◆ MATERIAL FOR THE TASK ◆
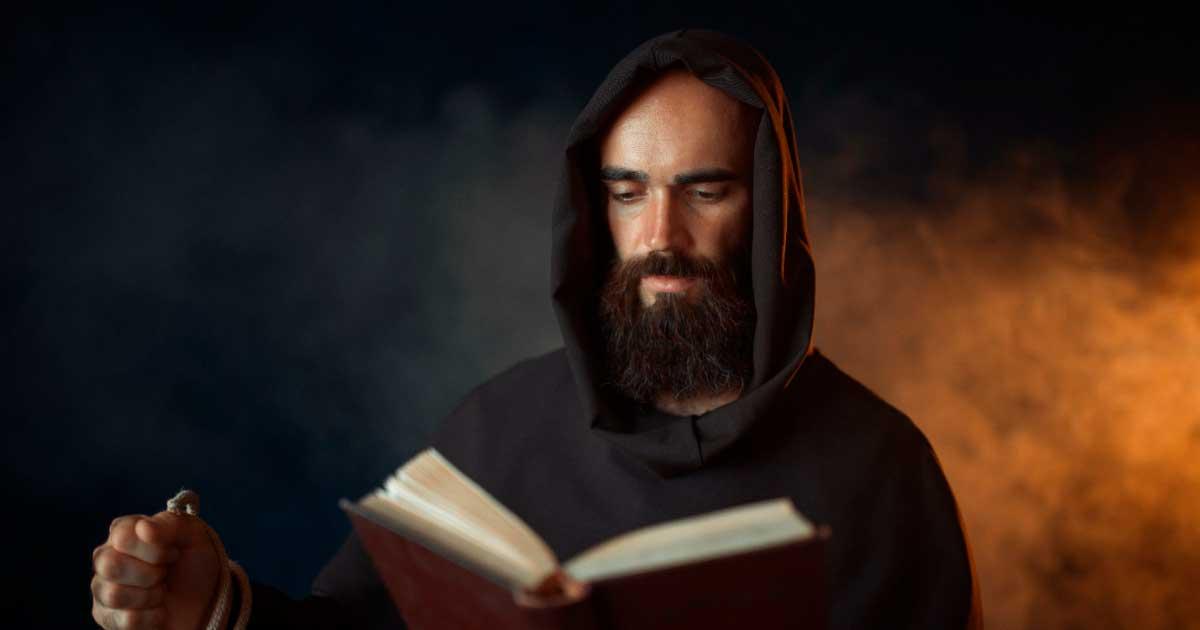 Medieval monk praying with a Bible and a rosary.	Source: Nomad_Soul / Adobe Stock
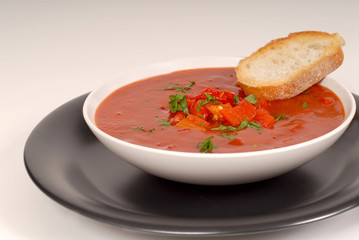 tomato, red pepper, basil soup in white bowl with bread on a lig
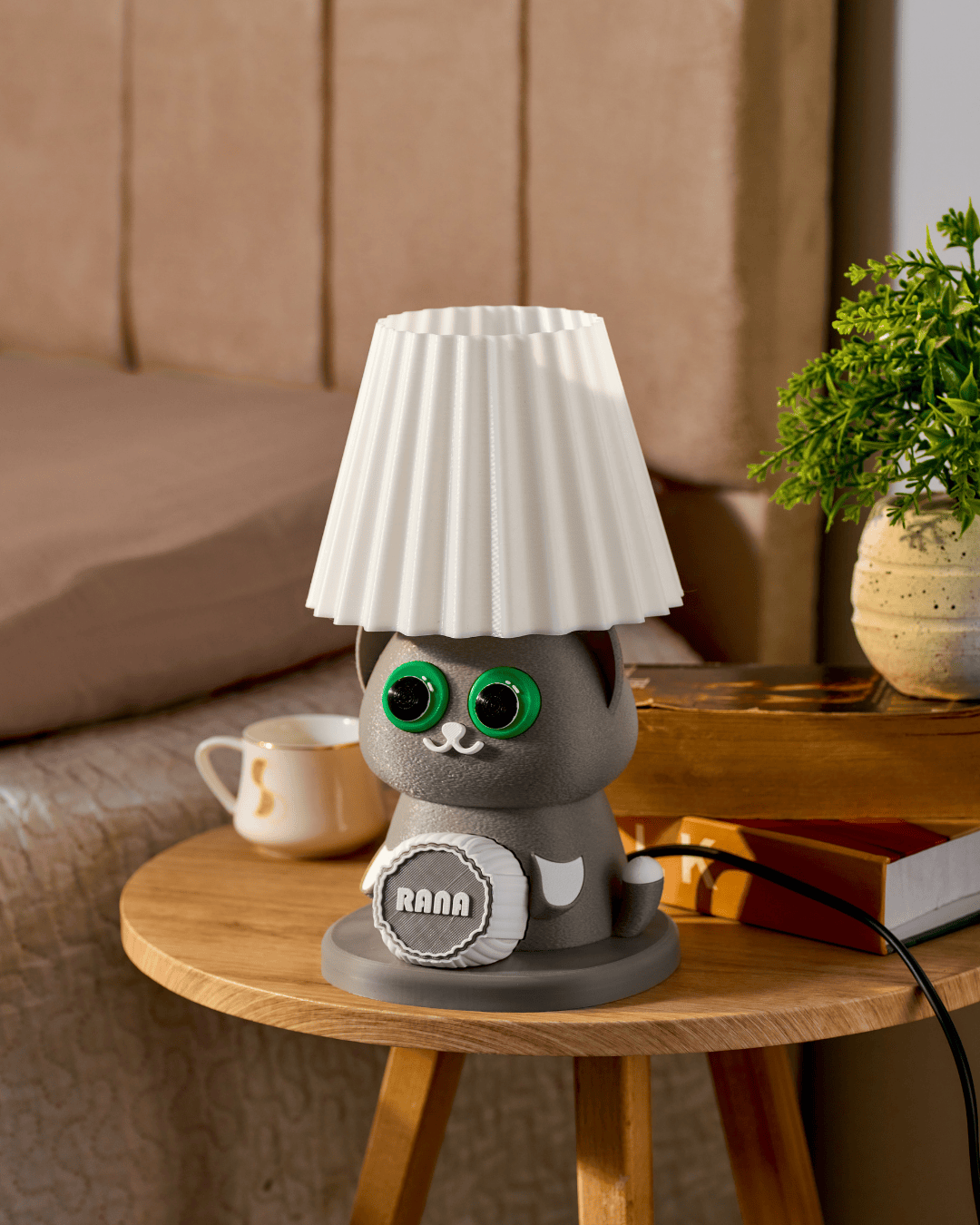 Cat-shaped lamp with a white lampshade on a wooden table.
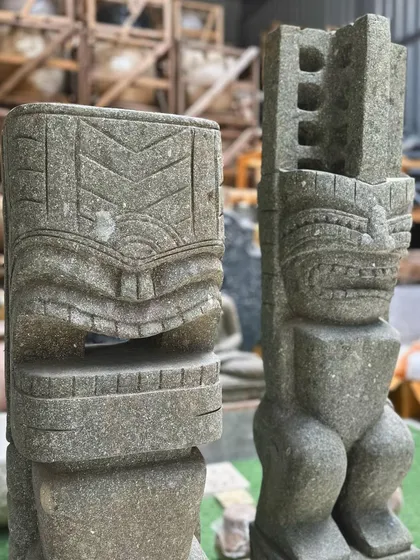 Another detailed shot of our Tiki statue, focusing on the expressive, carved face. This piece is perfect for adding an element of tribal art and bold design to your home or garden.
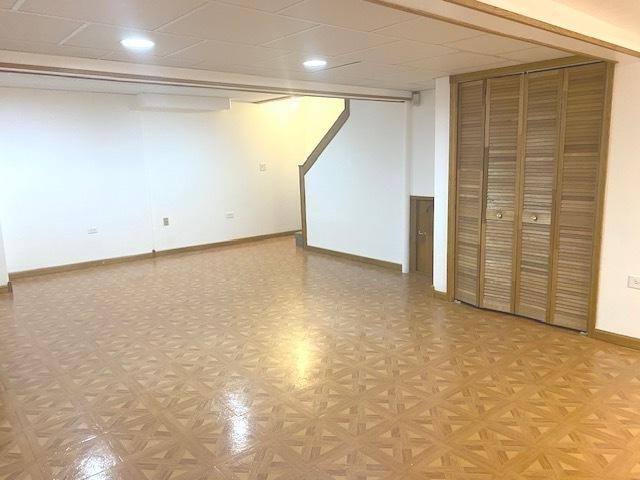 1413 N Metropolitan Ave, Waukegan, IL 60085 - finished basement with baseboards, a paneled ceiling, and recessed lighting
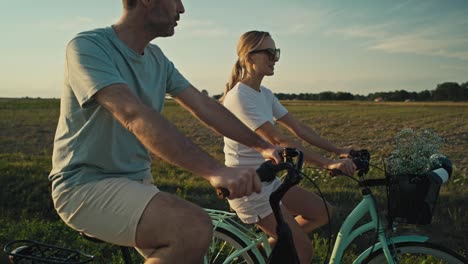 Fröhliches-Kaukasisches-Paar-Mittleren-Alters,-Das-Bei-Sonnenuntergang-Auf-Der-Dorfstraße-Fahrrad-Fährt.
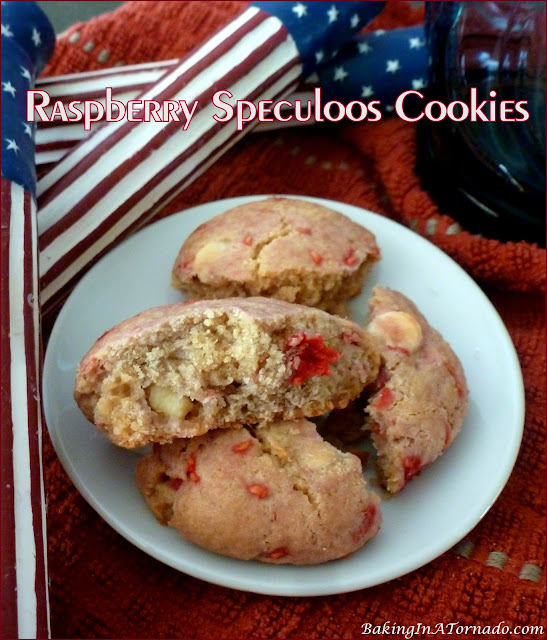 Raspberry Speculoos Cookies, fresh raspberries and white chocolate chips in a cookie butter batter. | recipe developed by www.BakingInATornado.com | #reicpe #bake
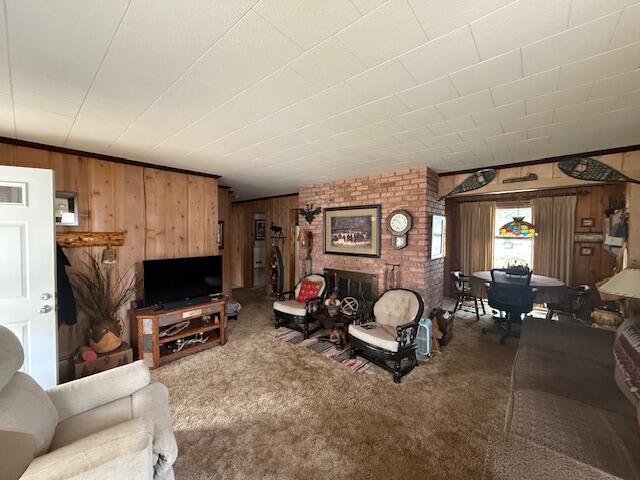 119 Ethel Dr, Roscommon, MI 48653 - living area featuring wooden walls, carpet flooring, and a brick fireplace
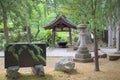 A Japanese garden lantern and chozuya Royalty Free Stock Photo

◆ WHAT TO PRODUCE ◆
Every entry, word for word: repeat it, but skip the images.

◆ RESPONSE ◆
 Medieval monk praying with a Bible and a rosary.	Source: Nomad_Soul / Adobe Stock
 tomato, red pepper, basil soup in white bowl with bread on a lig
 Cat-shaped lamp with a white lampshade on a wooden table.
 Another detailed shot of our Tiki statue, focusing on the expressive, carved face. This piece is perfect for adding an element of tribal art and bold design to your home or garden.
 1413 N Metropolitan Ave, Waukegan, IL 60085 - finished basement with baseboards, a paneled ceiling, and recessed lighting
 Fröhliches-Kaukasisches-Paar-Mittleren-Alters,-Das-Bei-Sonnenuntergang-Auf-Der-Dorfstraße-Fahrrad-Fährt.
 Raspberry Speculoos Cookies, fresh raspberries and white chocolate chips in a cookie butter batter. | recipe developed by www.BakingInATornado.com | #reicpe #bake
 119 Ethel Dr, Roscommon, MI 48653 - living area featuring wooden walls, carpet flooring, and a brick fireplace
 A Japanese garden lantern and chozuya Royalty Free Stock Photo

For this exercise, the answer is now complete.